=== Action item ===
You are asked to reproduce the listing exactly and to omit its pictures.

Data START

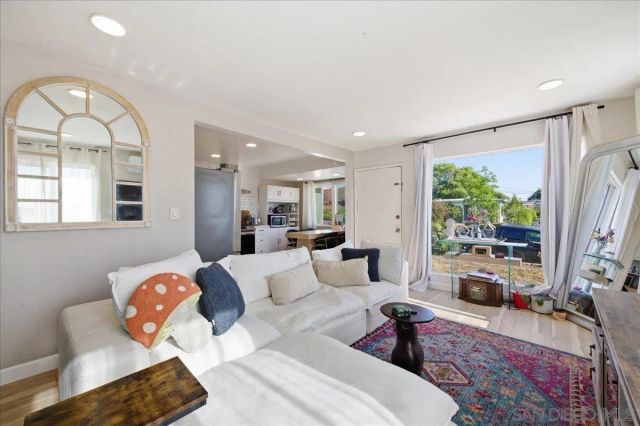5934 Dwight, San Diego, CA 92105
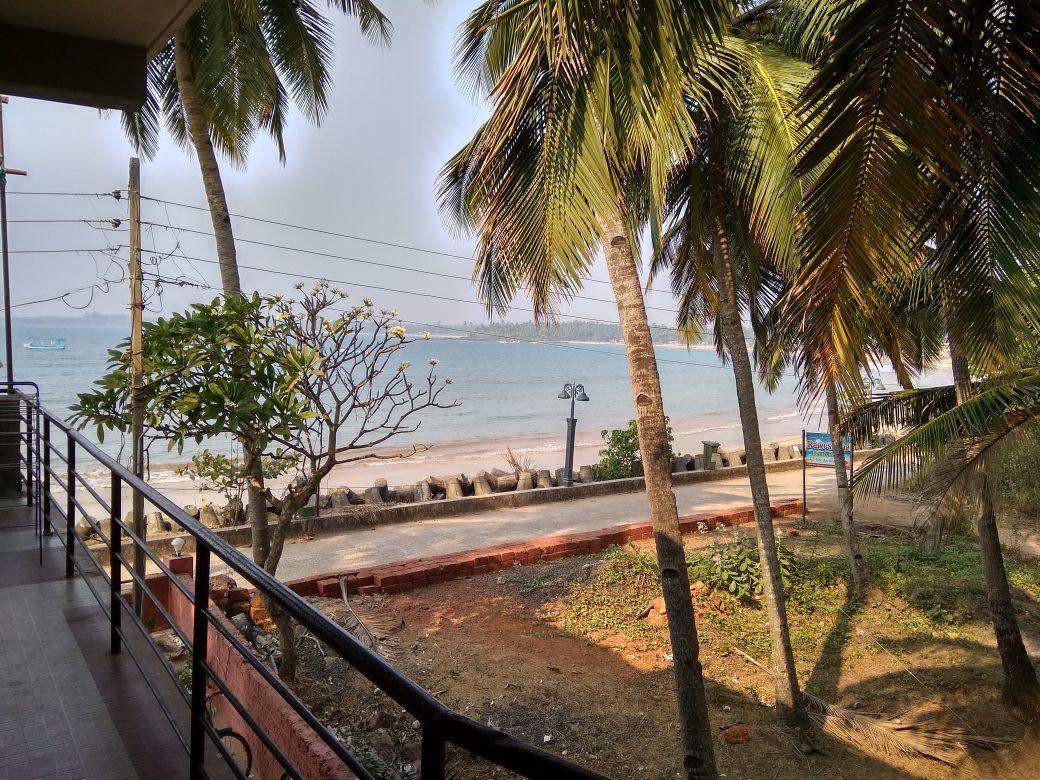 Sea View Holiday Home Mālvan 外观 照片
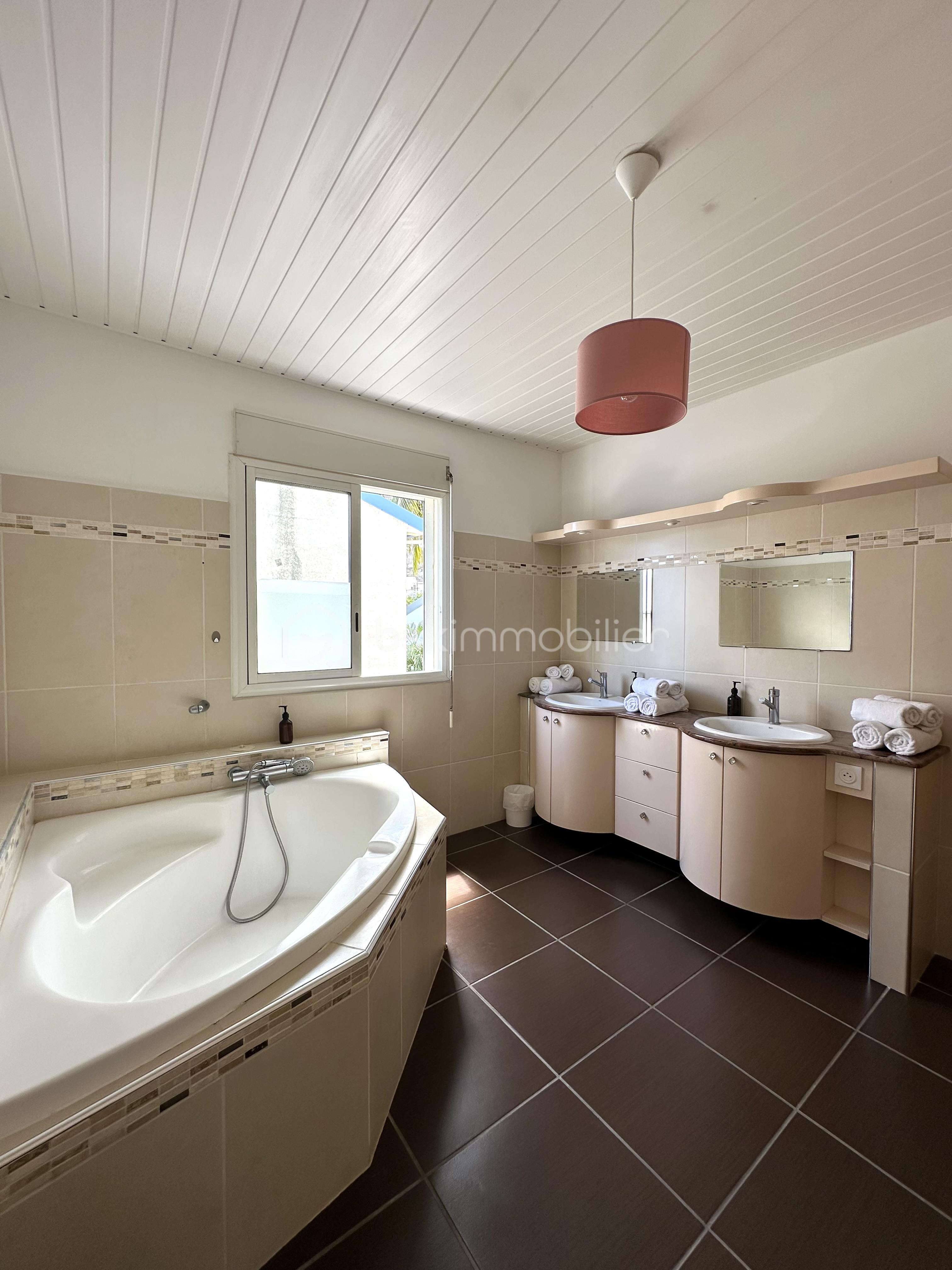 16 SALLE DE BAIN etage OK.jpg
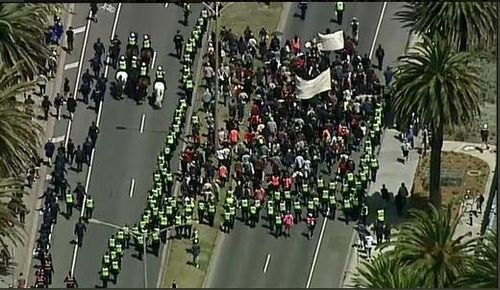 Police mounted a big operation to separate rival protesters at St Kilda Beach Melbourne political demonstrations.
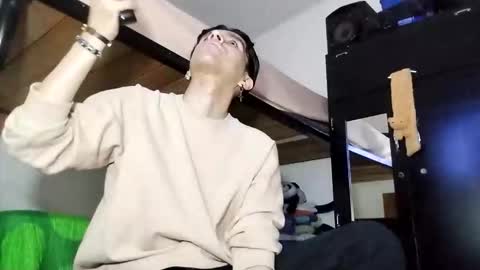 Snapshot of danylano chatting on 02-25-26, 09:13 Daniel online show from 02-25-26, 09:13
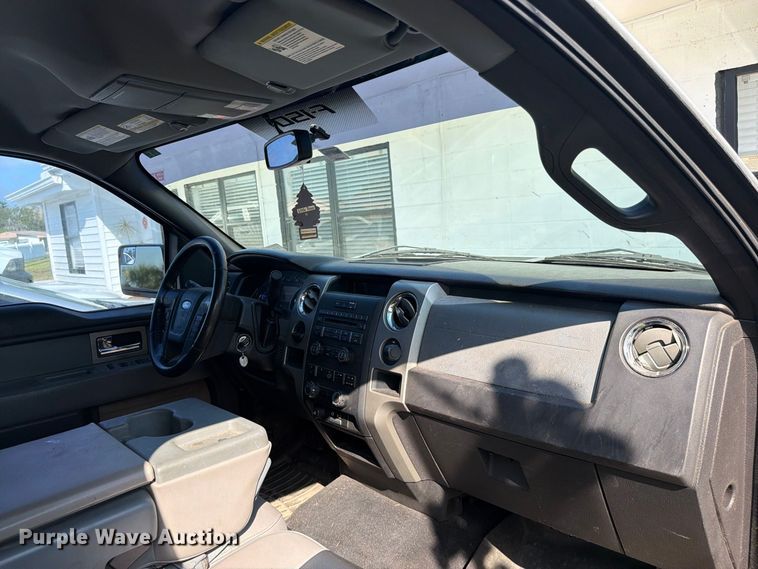 image for item DV7310 2011 Ford F150 Crew Cab pickup truck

Data END

=== Solution ===
5934 Dwight, San Diego, CA 92105
 Sea View Holiday Home Mālvan 外观 照片
 16 SALLE DE BAIN etage OK.jpg
 Police mounted a big operation to separate rival protesters at St Kilda Beach Melbourne political demonstrations.
 Snapshot of danylano chatting on 02-25-26, 09:13 Daniel online show from 02-25-26, 09:13
 image for item DV7310 2011 Ford F150 Crew Cab pickup truck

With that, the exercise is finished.